The effect of laser scanning strategies on the microstructure, texture and crystallography of grains exhibiting hot cracks in additively manufactured Hastelloy X

Abstract

In the present study, grain size and grains exhibiting hot cracks of laser powder bed fusion (LPBF) processed Hastelloy X as-built parts under two scanning strategies i.e., 90° and 45° rotation vectors have been characterized using electron back scattered diffraction (EBSD) technique. EBSD orientation maps revealed relatively finer grain size in 45° scanning strategy as compared to 90° scanning strategy. Laser scanning speed was found to be the governing parameter for variation in grain size as compared to laser power and energy density. Maximum crack density was observed at the highest value of energy density and it appears that energy density has more dominant effect on hot cracking tendency as compared to laser power. At the maximum value of the energy density under 45° scanning strategy, the preferred texture type changes from <001> to <111> orientation.
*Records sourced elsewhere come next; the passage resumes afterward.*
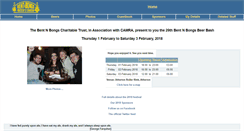 Desktop Screenshot of bentnbongs.com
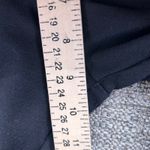 American Giant Leggings‎ 6 Thick Stretchy Athletic Training Running Workout Gym Black Photo 4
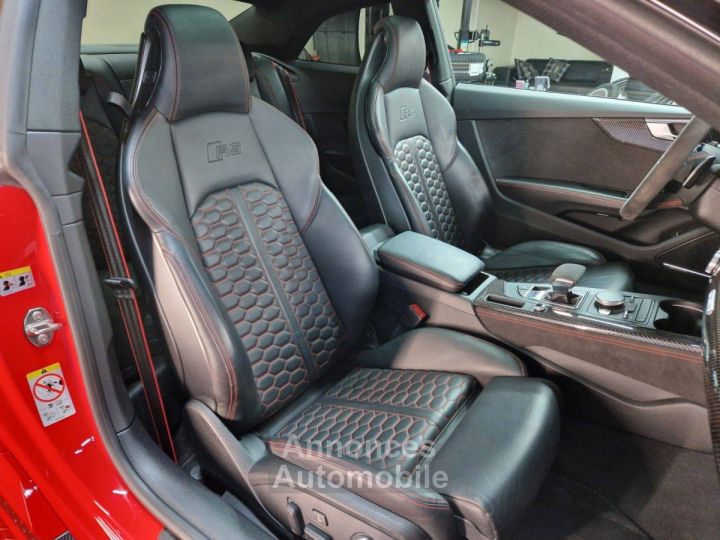 Audi RS5 Quattro Coupé CARBONE - 33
EBSD orientation maps revealed that a specific combination of grains, one of which is stiffer as compared to other, is more susceptible for hot cracks. They are either Goss ({110}<001>), Brass ({110}<112>) or Copper ({112}<111>) oriented grains. It is proposed that these stiffer grains, with high elastic modulus and low capacity of tolerating higher magnitude of thermal strains, paves the way for relieving locked-in thermal stresses during LPBF process.